» **Problem to work on**: Your copy should hold only the lines from the one holding "CATERPILLAR, 2P6000, 5,500" through the last line of the records below, both included, each exact and with no pictures.

(Excerpts from a dataset)
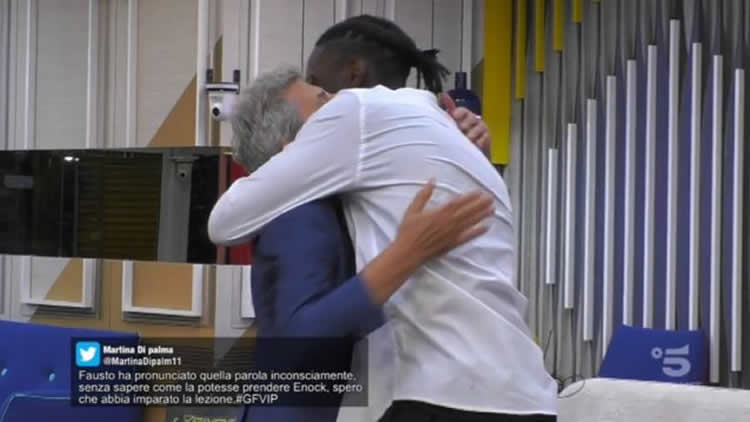 GF Vip 5 Fausto Leali abbraccia Enoch Barwua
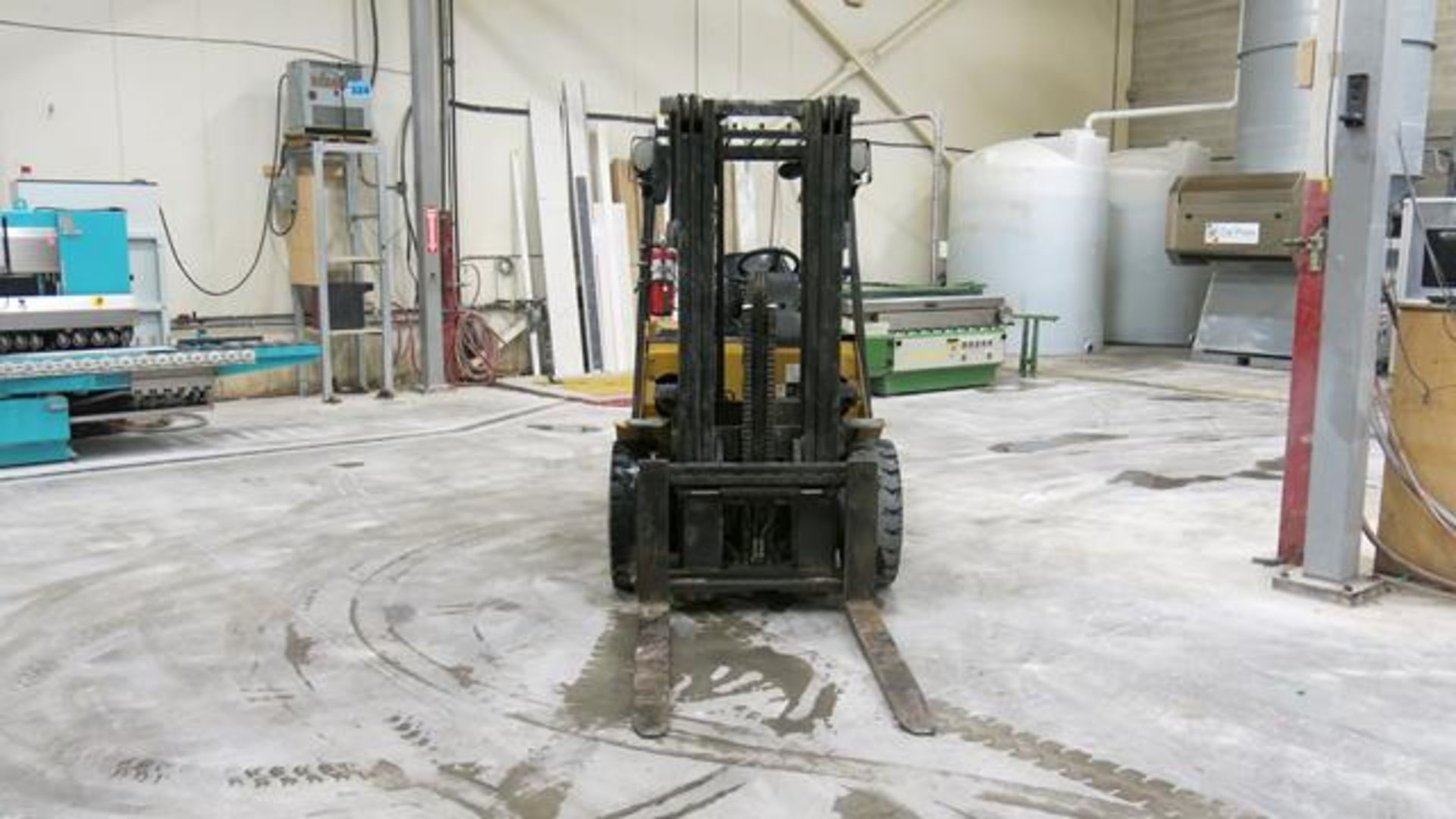 CATERPILLAR, 2P6000, 5,500 LBS., 3 STAGE LPG FORKLIFT WITH SIDESHIFT, 186" MAXIMUM LIFT, S/N - Image 2 of 6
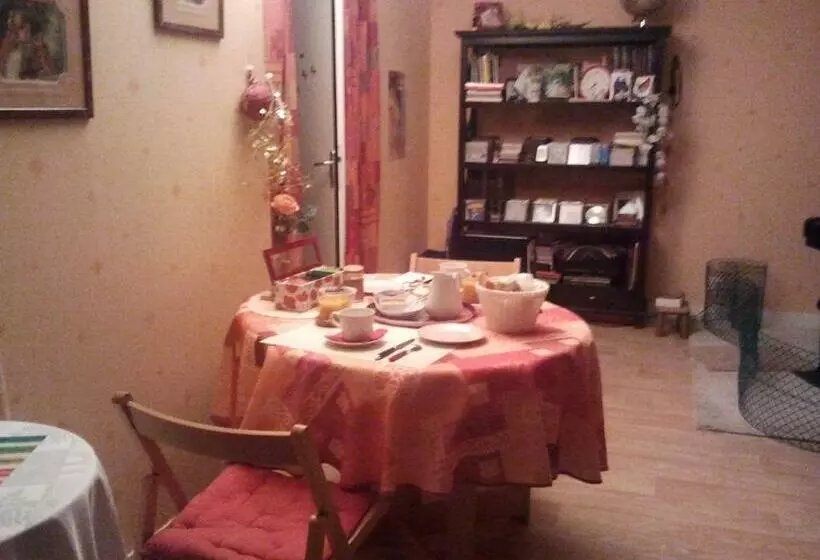 Aamiaismajoitus (B&B) Pacéenne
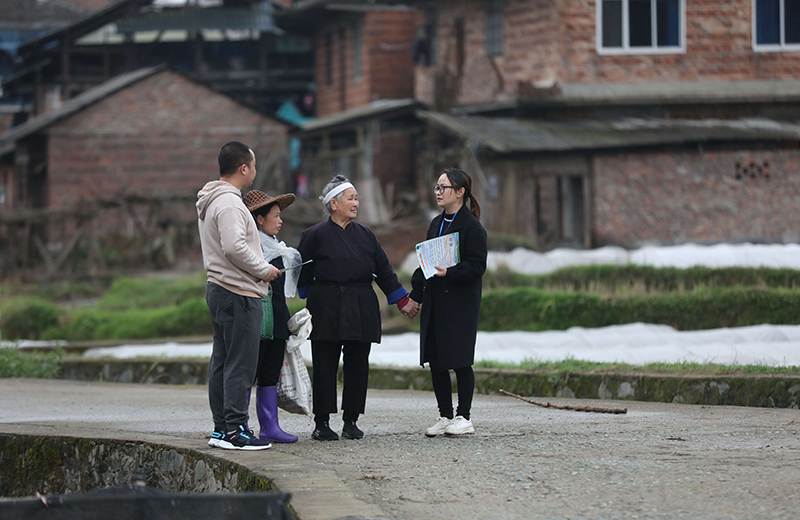 2022年3月24日，在廣西柳州市三江侗族自治縣良口鄉(xiāng)南寨村，紀檢監(jiān)察干部（右一、左一）在了解惠農(nóng)政策落實情況。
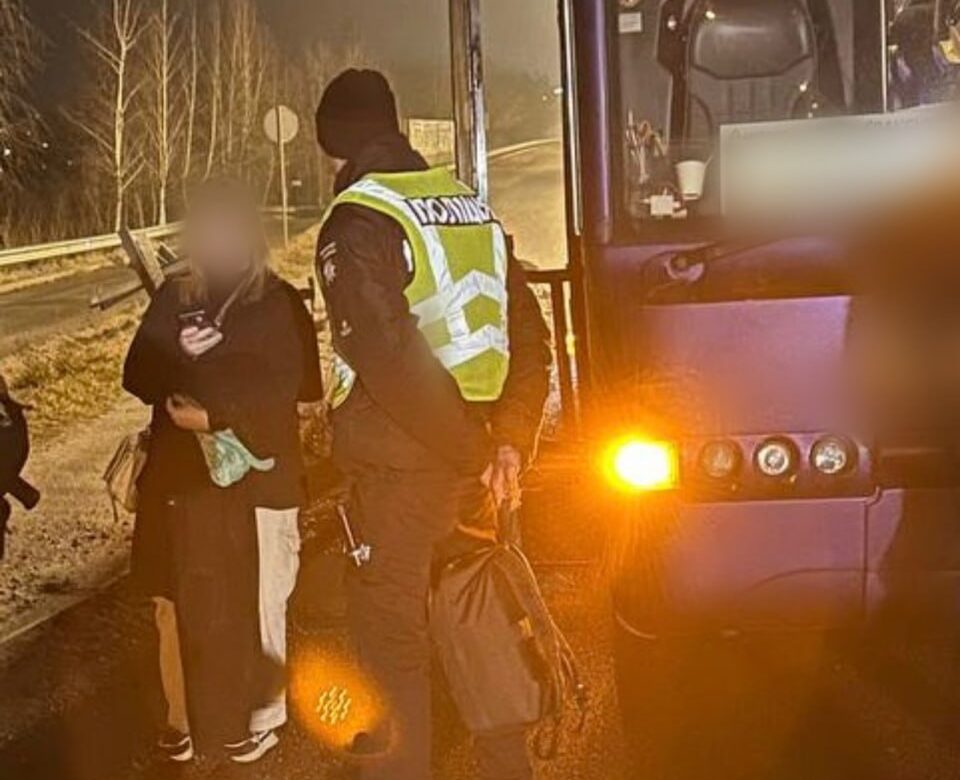 У Рівному з автобуса висадили неповнолітню, яка намагалася втекти до Польщі
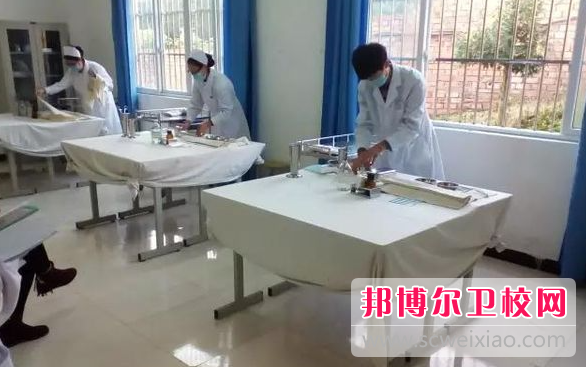 江苏2023年女生学护理学校好不好找工作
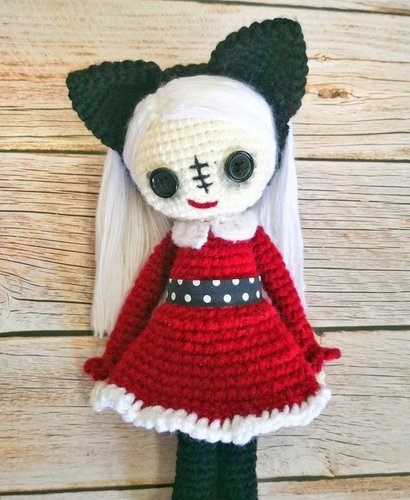 GOTH DOLL amigurumi crochet pattern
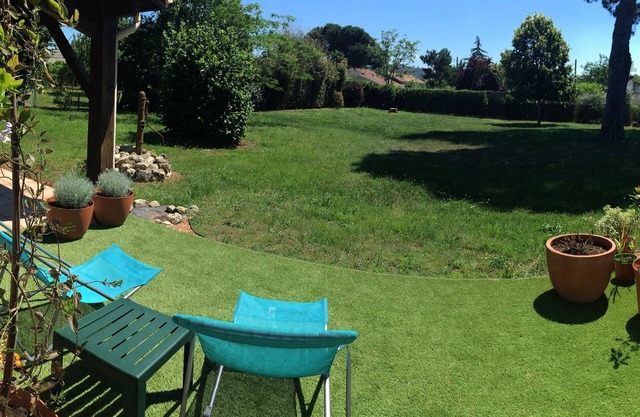 LES NOISETIERS SAUVAGES - close to beaches, vineyards, estuary. WI-FI
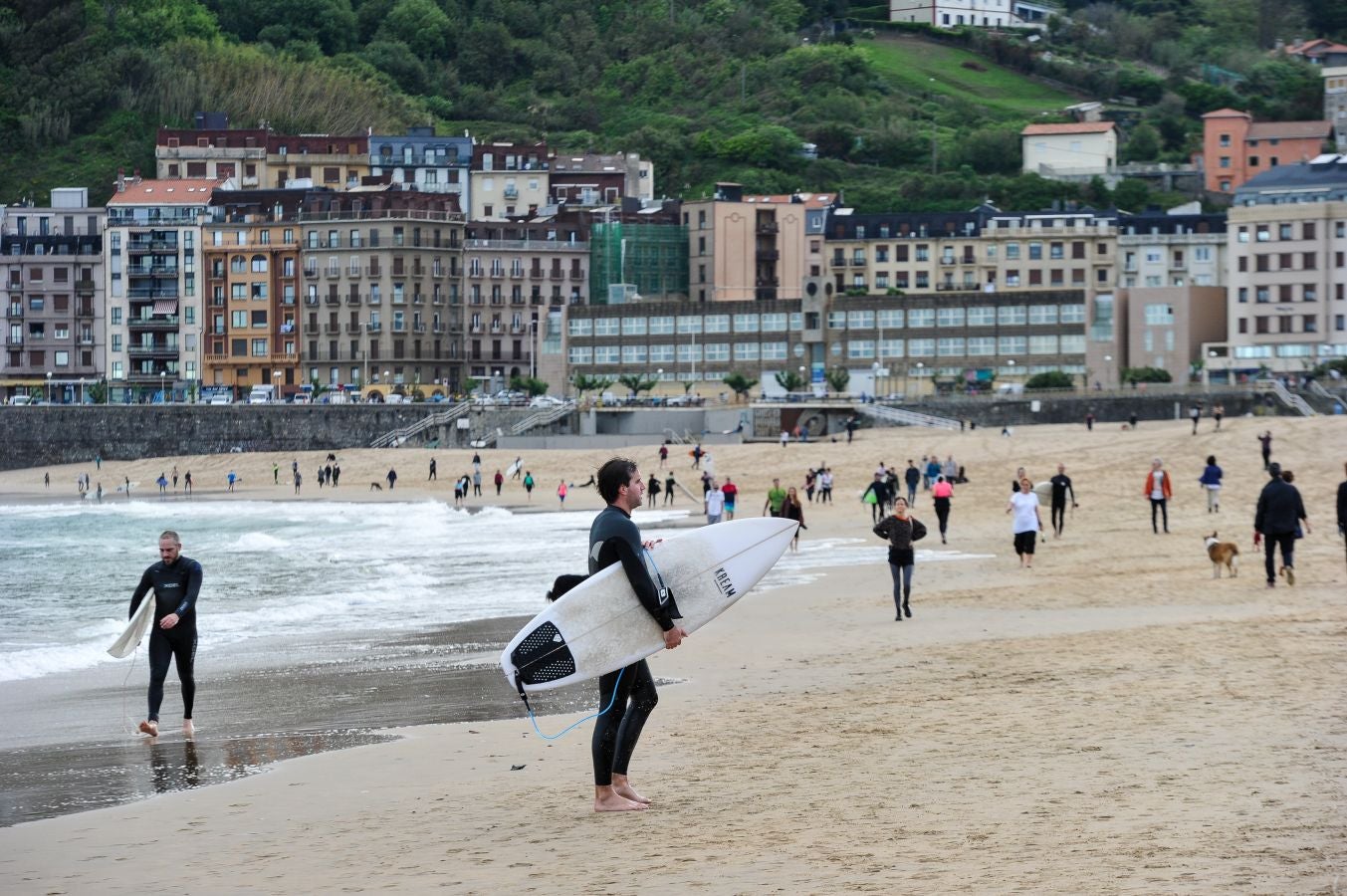Fotos: Momentos de sol y playa en Donostia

» **Response**:
 CATERPILLAR, 2P6000, 5,500 LBS., 3 STAGE LPG FORKLIFT WITH SIDESHIFT, 186" MAXIMUM LIFT, S/N - Image 2 of 6
 Aamiaismajoitus (B&B) Pacéenne
 2022年3月24日，在廣西柳州市三江侗族自治縣良口鄉(xiāng)南寨村，紀檢監(jiān)察干部（右一、左一）在了解惠農(nóng)政策落實情況。
 У Рівному з автобуса висадили неповнолітню, яка намагалася втекти до Польщі
 江苏2023年女生学护理学校好不好找工作
 GOTH DOLL amigurumi crochet pattern
 LES NOISETIERS SAUVAGES - close to beaches, vineyards, estuary. WI-FI
Fotos: Momentos de sol y playa en Donostia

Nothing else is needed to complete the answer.